Documented in phenopar

#' Phenological parameters estimation
#' 
#' Estimation of 6 phenological parameters from a numeric vector. The estimated parameters are: \bold{green up},
#' \bold{start of season}, \bold{maturity}, \bold{senescence}, \bold{end of season} and \bold{dormancy}. These parameters
#' are critical points of some derivatives of an idealized curve which, in turn, is obtained 
#' through a functional principal component analysis (FPCA)-based regression model.
#' 
#' @param          x a numeric vector.
#' @param  startYear integer, time series initial year
#' @param    endYear integer, time series final year
#' @param  frequency integer giving number of observations per season. Default, 23.
#' @param     method character. Should \code{OLS} or \code{WLS} be used for smoothing \code{x}
#'                   through a harmonic regression model. See \bold{Details}.
#' @param      sigma numeric vector of length equal to \code{frequency}. Each entry gives the 
#'                   standard deviation of observations acquired at same day of the year.
#'                   Pertinent when \code{method=WLS} only.
#' @param    numFreq integer specifying number of frequencies used in harmonic regression
#'                   model.
#' @param      delta numeric. Default, 0. When harmonic regression problem is ill-posed, this 
#'                   parameter allows a simple regularization. See \bold{Details}.
#' @param   distance character indicating what distance to use in hierarchical clustering.
#'                   All distances in \code{\link[dtwclust]{tsclust}} are allowed. See 
#'                   \bold{Details}.
#' @param    samples integer with number of samples to draw from smoothed version of \code{x}. Used
#'                   exclusively in Functional Principal Components Analysis (FPCA)-based
#'                   regression. See \bold{Details}.
#' @param      basis list giving numeric basis used in FPCA-based regression. See \bold{Details}.
#' @param       corr Default \code{NULL}. Object defining correlation structure, can be 
#'                   numeric vector, matrix or function.
#' @param          k integer, number of principal components used in FPCA-based regression.   
#' @param      trace logical. If \code{TRUE}, progress on the hierarchical clustering
#'                   is printed on console. Default, \code{FALSE}.
#' 
#' @export
#' 
#' @importFrom dtwclust tsclust
#' @importFrom geoTS haRmonics
#' @importFrom eBsc drbasis
#' 
#' @details In order to estimate the phenological parameters, first \code{x} is assembled 
#' as a matrix. This matrix has as many rows as years (\code{length(startYear:endYear)}) in the studied period and as many columns
#' as observations (\code{frequency}) per year.
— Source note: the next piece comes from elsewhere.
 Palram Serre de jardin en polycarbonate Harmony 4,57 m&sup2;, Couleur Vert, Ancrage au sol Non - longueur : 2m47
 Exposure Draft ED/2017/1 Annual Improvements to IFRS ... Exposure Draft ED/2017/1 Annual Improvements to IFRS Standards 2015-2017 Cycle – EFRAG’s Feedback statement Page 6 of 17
Then, each vector row is smoothed through 
#' the harmonic regression model \code{\link[geoTS]{haRmonics}}. This function allows 
#' for homogeneous (\code{OLS}) and heterogeneous (\code{WLS}) errors in the model. When
#' \code{method=WLS}, \code{sigma} must be provided, \code{\link[geoTS]{hetervar}} is recommended for such a purpose.
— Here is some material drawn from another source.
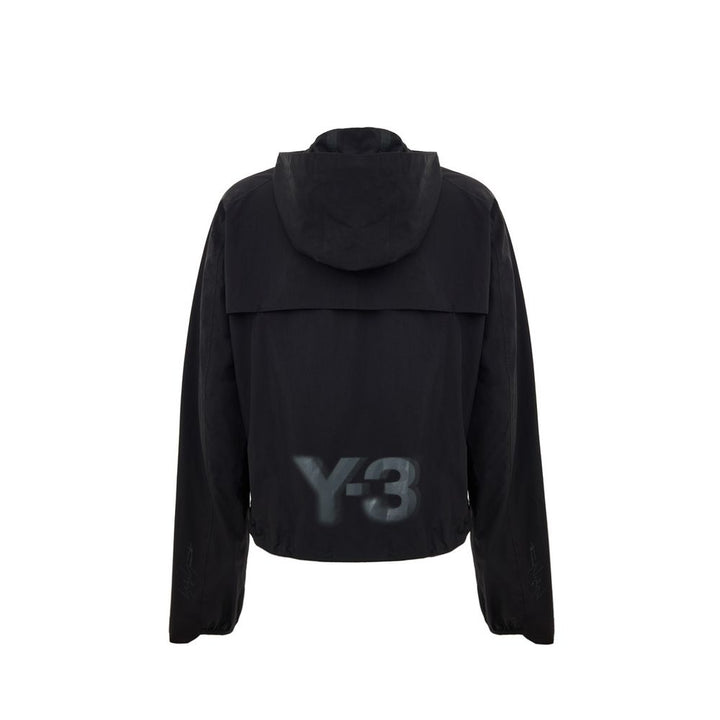 Y-3 Black Polyamide Shell Jacket by Y-3 outlet now on sale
#' Additional parameters for \code{\link[geoTS]{haRmonics}} are \code{numFreq} and
#' \code{delta}.
#' 
#' Next, equally spaced \code{samples} are drawn from each harmonic regression fit, 
#' the resulting observations are stored in the matrix \code{m_aug_smooth}. 
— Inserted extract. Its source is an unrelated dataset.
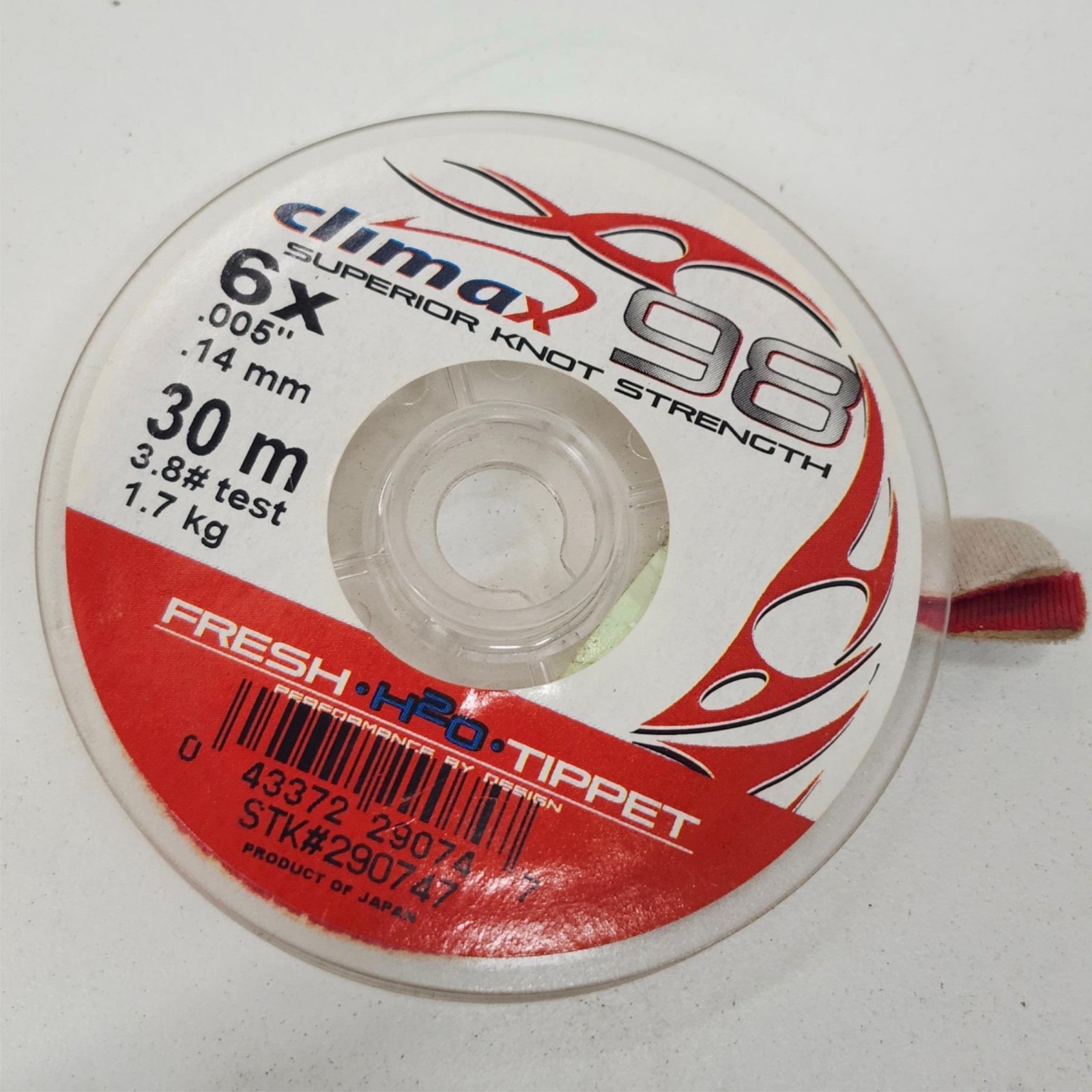 Climax 98 Trout Fresh Water Tippet Fly Fishing 290747 6X 30m .005dia 3.8lb Test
#' \code{\link[dtwclust]{tsclust}} 
#' is applied to \code{m_aug_smooth} in order to obtain clusters of years sharing 
#' similar characteristics; 2 clusters are produced. The next step is applied
#' to the dominating cluster (the one with the majority of years, >=10), or to the 
#' whole of columns of \code{m_aug_smooth} when no dominating cluster can be determined.
#' 
#' Based on the observations produced in the hierarchical clustering step, a regression 
#' model with the following representation is applied:
#' 
#' \eqn{f_i(t) = \tau(t) + \sum_{j=1}^{k} \varepsilon_j(t) \nu_{ij} + \epsilon_i},
#' 
#' where \eqn{f_i(t)} is substituted by the vector of sample observations of the \eqn{i}-th 
#' year; \eqn{\varepsilon_j(t)} is the \eqn{j}-th functional principal component (FPC); 
#' \eqn{\nu_{ij}} is the score associated with the \eqn{j}-th FPC and the \eqn{i}-th vector
#' of sampled observations; and \eqn{\epsilon_i} is a normally distributed random variable
#' with variance \eqn{\sigma^2}, see \cite{Krivobokova et al. (2022)} for further details. 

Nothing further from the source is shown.